If a line in the records below contains the word "View", return that line.
Start of PROVIDED MATERIAL
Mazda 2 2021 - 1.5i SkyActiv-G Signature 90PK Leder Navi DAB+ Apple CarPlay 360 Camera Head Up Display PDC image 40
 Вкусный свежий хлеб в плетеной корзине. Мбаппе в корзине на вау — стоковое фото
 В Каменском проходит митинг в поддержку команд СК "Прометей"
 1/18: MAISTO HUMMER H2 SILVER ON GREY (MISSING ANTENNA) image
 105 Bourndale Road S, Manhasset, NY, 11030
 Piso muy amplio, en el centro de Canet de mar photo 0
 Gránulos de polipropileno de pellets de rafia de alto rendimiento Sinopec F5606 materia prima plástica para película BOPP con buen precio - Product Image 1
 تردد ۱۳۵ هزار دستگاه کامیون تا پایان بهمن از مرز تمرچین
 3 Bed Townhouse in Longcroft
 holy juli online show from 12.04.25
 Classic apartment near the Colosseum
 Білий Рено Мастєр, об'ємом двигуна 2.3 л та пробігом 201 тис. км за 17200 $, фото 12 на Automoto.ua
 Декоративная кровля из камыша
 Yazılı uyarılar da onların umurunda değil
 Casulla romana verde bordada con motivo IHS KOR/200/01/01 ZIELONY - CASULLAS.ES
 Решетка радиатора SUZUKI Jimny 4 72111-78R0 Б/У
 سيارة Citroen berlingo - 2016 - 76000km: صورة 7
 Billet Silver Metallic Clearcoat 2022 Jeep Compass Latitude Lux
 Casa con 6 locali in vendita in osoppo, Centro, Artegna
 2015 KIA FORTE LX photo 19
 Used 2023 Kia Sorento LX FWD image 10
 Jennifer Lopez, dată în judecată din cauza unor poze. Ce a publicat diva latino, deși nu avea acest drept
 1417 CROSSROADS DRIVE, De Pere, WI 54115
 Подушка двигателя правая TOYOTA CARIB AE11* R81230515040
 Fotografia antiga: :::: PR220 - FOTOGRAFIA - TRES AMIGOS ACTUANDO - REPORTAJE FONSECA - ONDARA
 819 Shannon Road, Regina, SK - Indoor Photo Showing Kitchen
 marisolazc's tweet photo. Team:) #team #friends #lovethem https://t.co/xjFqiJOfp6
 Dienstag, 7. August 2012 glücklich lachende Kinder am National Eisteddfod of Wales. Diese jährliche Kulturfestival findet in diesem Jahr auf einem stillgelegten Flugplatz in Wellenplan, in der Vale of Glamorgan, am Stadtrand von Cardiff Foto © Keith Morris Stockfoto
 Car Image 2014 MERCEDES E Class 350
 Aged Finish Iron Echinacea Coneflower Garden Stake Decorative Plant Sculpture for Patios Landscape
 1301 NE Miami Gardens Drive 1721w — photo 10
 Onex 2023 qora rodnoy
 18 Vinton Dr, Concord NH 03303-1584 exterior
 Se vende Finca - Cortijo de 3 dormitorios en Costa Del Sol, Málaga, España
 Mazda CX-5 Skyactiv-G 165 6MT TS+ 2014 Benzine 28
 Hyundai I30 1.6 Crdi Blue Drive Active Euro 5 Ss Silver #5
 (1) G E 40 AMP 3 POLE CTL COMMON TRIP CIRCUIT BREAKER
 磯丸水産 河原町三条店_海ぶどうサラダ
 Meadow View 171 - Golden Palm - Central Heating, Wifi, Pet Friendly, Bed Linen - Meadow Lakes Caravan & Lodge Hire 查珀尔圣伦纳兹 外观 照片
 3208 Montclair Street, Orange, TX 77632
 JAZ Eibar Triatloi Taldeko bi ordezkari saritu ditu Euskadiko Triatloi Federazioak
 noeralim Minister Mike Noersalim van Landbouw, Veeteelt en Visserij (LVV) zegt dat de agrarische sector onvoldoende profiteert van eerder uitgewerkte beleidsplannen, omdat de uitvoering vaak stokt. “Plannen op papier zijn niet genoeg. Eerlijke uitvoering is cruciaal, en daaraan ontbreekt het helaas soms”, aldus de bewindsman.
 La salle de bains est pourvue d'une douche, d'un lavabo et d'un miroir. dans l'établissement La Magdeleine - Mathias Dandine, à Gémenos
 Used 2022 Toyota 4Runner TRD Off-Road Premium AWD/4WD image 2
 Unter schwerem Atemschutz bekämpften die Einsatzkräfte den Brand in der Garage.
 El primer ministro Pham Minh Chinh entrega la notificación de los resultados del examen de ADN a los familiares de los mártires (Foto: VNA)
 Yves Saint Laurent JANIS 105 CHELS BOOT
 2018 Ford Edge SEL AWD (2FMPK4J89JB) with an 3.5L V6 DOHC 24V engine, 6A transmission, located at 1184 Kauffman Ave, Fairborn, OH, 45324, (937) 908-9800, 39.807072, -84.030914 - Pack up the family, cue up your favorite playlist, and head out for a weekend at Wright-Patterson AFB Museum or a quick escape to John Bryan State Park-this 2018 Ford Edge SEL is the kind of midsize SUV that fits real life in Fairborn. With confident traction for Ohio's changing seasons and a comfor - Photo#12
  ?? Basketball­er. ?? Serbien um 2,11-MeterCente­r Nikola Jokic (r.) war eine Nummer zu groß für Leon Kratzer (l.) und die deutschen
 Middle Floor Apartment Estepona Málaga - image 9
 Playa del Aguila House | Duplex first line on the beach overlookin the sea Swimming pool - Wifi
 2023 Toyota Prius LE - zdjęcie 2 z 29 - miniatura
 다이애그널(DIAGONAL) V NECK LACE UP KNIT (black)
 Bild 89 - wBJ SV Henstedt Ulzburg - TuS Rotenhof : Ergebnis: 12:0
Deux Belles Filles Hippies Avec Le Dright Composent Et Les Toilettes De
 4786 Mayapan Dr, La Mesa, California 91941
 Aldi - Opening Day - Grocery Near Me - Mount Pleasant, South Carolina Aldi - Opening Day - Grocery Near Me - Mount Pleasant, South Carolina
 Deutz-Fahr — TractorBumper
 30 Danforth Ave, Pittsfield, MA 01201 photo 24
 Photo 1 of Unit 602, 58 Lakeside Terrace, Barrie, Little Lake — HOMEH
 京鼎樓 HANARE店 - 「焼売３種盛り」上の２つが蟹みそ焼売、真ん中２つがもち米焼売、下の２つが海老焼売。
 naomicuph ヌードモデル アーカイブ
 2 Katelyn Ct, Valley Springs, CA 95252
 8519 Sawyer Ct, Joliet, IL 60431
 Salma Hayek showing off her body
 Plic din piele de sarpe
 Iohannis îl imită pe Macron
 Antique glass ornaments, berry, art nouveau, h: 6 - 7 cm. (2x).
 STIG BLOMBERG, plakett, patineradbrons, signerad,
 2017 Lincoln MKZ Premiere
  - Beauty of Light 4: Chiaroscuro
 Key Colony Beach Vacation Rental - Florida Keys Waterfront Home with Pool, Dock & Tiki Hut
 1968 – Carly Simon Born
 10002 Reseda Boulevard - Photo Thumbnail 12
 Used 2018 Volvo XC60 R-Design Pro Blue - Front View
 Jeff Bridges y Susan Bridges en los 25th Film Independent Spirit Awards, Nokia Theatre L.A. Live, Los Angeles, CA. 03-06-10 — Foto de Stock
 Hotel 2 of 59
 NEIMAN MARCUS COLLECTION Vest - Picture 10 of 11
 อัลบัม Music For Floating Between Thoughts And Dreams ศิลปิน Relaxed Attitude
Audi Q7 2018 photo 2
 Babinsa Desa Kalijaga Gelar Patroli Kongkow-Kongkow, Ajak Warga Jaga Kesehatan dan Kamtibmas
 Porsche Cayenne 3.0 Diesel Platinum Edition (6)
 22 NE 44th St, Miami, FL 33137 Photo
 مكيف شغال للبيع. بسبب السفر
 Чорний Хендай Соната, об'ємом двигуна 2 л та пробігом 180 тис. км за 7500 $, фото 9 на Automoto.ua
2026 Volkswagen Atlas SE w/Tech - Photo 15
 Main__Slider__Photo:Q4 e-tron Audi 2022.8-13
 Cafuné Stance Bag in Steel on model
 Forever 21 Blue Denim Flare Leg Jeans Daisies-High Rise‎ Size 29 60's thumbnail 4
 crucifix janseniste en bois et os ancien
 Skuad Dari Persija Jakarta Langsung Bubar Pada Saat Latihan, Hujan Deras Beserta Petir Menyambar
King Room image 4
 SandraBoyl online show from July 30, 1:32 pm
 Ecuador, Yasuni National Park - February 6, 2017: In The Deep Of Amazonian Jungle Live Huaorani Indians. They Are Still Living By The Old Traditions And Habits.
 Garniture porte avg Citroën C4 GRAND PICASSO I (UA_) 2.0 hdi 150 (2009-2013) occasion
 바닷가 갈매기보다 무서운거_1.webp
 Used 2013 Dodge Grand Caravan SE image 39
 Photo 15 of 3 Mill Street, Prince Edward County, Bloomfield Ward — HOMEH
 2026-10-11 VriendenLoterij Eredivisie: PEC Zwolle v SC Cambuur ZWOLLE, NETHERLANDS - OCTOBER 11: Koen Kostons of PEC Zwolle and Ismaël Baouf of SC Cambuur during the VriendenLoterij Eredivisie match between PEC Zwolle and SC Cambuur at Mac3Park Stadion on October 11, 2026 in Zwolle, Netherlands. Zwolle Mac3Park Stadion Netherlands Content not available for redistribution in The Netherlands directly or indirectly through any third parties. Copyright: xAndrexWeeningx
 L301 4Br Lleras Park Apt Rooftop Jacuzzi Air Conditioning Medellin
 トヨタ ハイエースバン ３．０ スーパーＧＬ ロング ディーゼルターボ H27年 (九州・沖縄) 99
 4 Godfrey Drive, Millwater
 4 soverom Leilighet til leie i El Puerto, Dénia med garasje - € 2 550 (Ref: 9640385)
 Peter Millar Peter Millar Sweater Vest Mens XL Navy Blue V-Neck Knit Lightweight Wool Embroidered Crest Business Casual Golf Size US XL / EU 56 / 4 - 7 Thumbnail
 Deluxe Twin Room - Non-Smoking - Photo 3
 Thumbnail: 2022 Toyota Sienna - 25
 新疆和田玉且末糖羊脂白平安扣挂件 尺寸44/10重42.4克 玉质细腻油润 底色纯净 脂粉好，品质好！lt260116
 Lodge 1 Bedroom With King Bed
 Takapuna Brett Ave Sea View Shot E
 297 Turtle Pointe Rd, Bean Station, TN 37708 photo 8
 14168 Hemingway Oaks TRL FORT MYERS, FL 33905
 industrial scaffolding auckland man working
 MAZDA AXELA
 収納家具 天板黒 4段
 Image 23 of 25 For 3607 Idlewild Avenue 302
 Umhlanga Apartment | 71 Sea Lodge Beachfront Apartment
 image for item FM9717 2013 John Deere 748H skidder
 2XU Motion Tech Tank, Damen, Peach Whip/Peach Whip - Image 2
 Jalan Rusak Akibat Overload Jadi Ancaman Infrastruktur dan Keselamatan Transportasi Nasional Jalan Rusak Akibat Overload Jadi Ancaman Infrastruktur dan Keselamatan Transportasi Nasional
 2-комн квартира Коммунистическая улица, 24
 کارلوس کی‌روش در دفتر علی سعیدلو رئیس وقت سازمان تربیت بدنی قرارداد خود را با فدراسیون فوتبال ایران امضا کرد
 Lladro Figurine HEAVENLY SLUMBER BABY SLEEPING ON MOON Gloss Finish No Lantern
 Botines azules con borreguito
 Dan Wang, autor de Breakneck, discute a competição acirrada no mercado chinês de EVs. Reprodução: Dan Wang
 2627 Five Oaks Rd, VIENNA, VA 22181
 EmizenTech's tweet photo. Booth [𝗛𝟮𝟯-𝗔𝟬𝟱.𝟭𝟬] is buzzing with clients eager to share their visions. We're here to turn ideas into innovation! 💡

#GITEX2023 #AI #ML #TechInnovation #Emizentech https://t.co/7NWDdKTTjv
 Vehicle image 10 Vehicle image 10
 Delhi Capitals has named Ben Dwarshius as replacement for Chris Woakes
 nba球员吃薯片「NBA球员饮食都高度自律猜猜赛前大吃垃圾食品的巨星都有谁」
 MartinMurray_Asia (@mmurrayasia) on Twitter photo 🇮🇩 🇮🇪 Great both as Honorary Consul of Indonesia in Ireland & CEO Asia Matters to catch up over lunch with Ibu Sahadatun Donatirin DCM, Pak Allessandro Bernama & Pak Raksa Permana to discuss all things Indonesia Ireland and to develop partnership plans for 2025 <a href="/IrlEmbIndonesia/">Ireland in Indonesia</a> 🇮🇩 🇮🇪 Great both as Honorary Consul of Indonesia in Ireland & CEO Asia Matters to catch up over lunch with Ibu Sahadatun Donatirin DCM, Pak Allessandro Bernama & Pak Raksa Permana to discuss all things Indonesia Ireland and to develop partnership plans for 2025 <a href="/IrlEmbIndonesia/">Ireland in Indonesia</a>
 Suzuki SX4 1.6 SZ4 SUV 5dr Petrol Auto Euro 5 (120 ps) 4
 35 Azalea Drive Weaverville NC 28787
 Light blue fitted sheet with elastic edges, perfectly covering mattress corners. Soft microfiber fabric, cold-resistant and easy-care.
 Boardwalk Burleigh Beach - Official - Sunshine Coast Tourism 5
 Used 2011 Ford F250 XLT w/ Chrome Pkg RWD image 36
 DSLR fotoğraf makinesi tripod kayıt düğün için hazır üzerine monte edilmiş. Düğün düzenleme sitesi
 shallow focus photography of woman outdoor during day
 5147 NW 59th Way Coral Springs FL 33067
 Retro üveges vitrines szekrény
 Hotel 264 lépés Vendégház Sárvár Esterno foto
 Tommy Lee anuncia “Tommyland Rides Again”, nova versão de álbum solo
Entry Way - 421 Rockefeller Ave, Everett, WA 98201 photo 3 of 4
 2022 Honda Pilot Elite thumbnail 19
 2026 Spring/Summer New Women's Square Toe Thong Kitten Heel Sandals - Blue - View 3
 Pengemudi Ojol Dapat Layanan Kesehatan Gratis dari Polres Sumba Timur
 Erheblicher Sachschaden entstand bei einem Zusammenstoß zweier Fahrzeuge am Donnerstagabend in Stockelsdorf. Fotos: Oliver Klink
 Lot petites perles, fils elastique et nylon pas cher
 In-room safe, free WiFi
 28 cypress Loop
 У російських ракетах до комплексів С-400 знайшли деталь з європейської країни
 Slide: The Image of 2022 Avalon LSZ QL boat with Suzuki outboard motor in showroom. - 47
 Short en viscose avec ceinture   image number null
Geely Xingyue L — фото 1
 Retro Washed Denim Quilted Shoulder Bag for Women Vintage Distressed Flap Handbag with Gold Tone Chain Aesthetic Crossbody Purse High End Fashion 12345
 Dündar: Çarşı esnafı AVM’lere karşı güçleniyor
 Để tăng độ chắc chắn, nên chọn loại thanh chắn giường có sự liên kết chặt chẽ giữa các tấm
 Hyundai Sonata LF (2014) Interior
End of PROVIDED MATERIAL
RESPONSE TO THIS TASK.
 Meadow View 171 - Golden Palm - Central Heating, Wifi, Pet Friendly, Bed Linen - Meadow Lakes Caravan & Lodge Hire 查珀尔圣伦纳兹 外观 照片
 Used 2018 Volvo XC60 R-Design Pro Blue - Front View
 Takapuna Brett Ave Sea View Shot E
 2026 Spring/Summer New Women's Square Toe Thong Kitten Heel Sandals - Blue - View 3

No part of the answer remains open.